The National HIV/AIDS Strategy specifically identifies tribes as a targeted group, but it also notes that efforts will be directed toward communities of higher prevalence. Unfortunately, our tribal communities don’t reflect what is considered to be “higher prevalence.” However, the data used comes from the Centers for Disease Control and Prevention and there is great concern that tribal data is not included in the surveillance data and therefore the HIV/AIDS surveillance reports do not correctly reflect the state of HIV infection in the Native community. Most Native people are misclassified if tested in state facilities and tribal data is not given to the CDC. Therefore it’s important for us, as Natives people, to consider the related data. We can rely on co-factors that reflect high risk for HIV in Natives: rates of chlamydia, gonorrhea and syphilis that are 1.2 to 4.3 times higher than the white population; domestic violence is a risk factor for unprotected sex and one in three Indian women experience partner violence—the highest rate in the U.S.
Of the Native women who have been admitted for substance use treatment, over 80 percent report having been abused physically or sexually and many are admitted with Hepatitis C and other sexually transmitted infections.
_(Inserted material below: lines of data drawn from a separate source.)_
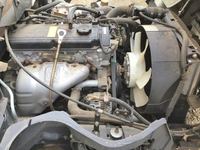 三菱ふそうキャンターガッツ平ボディ小型（2t・3t）[写真16]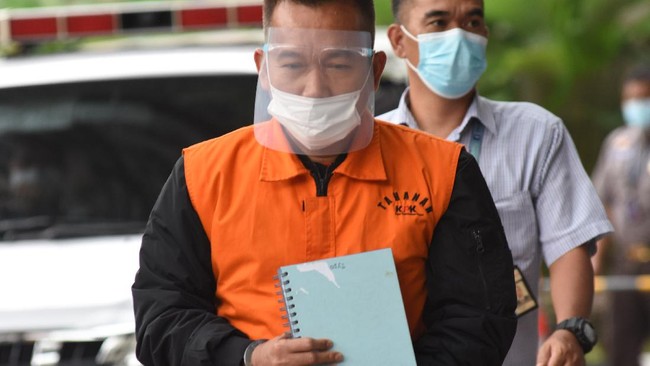 Adi Wahyono, mantan anak buah Juliari Batubara di Kemensos, divonis 7 tahun penjara dan denda Rp30 juta dalam kasus korupsi bansos Covid-19.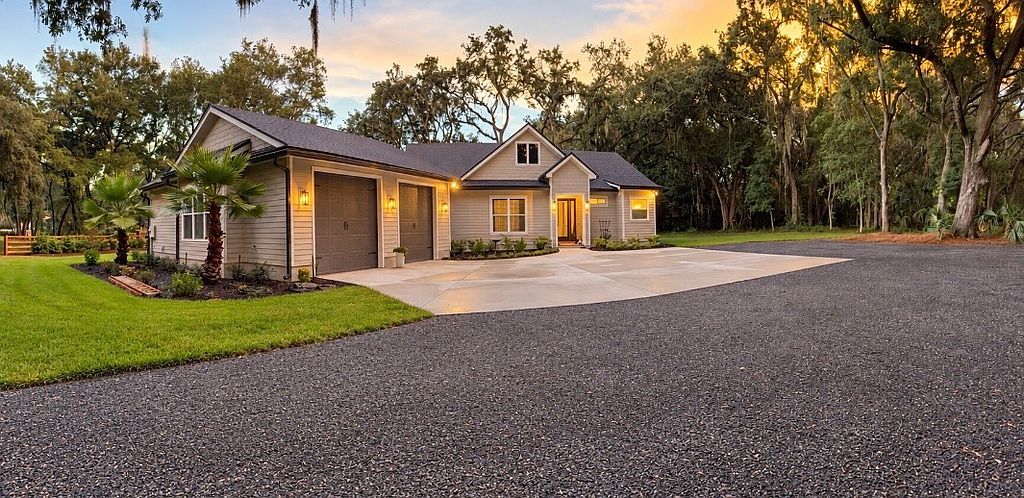 743 Landress Ln - Property Image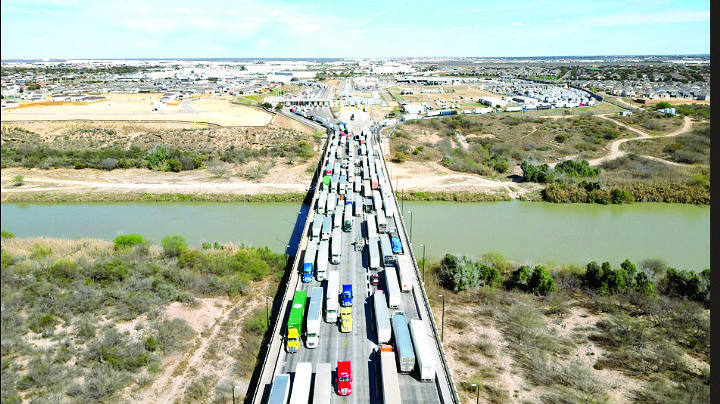 Cruza por Nuevo Laredo 36% de comercio del país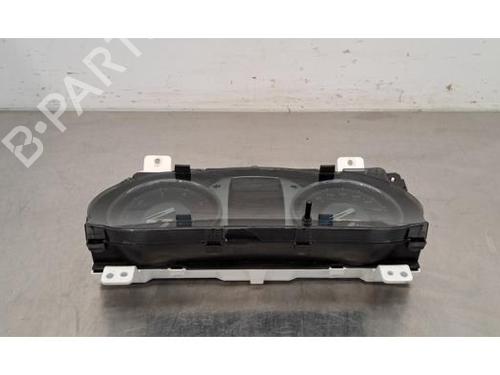 Instrument cluster TOYOTA HILUX VIII Pickup (_N1_) 2.8 TD 4WD (GUN126) 83A000KF80B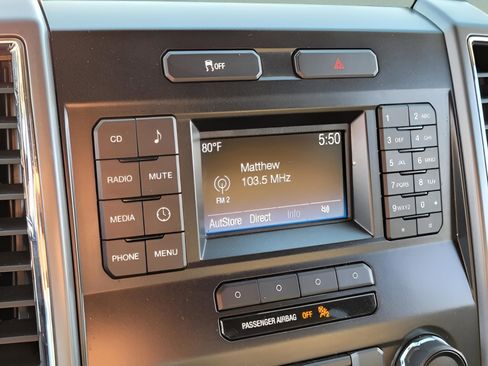 Used 2016 Ford F150 XLT image 16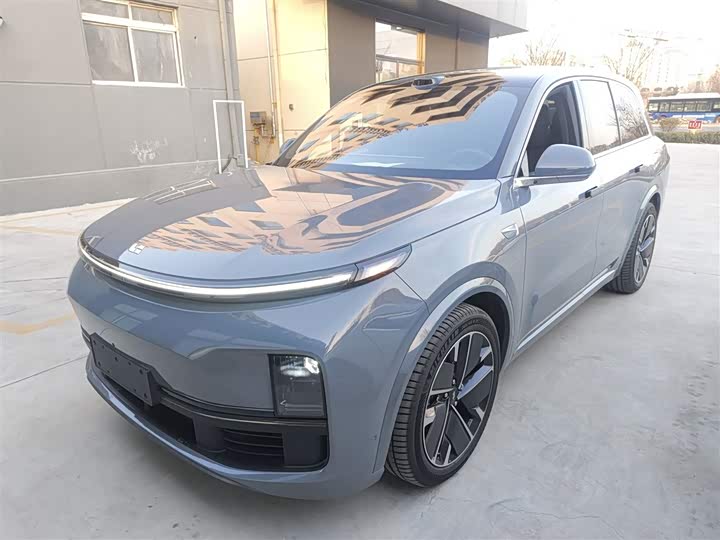 2025 LiXiang L8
In 2011, American Indians and Alaska Natives were twice as likely to develop an infection of Hepatitis C compared to the white population. These are just some of the co-factors that are an absolute testament to higher HIV infection and risk for Native people.
We also know that our MSM/Two-Spirit community is disproportionately affected by HIV/AIDS. According to CDC, 72 percent of recently diagnosed cases of HIV/AIDS are Native males and of that, over 83 percent are Native men who have sex with men or the male-bodied Two-Spirit individuals. This group bears the brunt of this infection and yet, there is little to no funding or support being directed to this community.
In addition to my work throughout the United States, I am also a Native participant in the Let’s Stop HIV Together campaign created by the Centers for Disease Control and Prevention to combat stigma and complacency around HIV in the United States. This campaign encourages everyone to take part to help reduce the risk and spread of HIV by knowing the facts, getting tested and getting involved. Let’s Stop HIV Together gives voice to people who are living with and affected by HIV.
I want to remind Native Americans and Alaska Natives that we can be a part of the solution. By working together, we can stop HIV!
Pamela Jumper Thurman, Ph.D., a Western Cherokee, is a senior research scientist serving as Retired Senior Affiliate Faculty at Colorado State University. She has 25 years of experience in mental health, substance abuse/epidemiology research, and HIV/AIDS capacity building assistance, as well as 35 years in the provision of direct treatment and prevention services and community work. She is a co-developer and co-author of the Community Readiness Model and has applied the model in over 4,000 communities throughout the U.S. as well as over 44 communities internationally. She has published extensively on a variety of topics in various books chapters, newspapers, newsletters, and journals.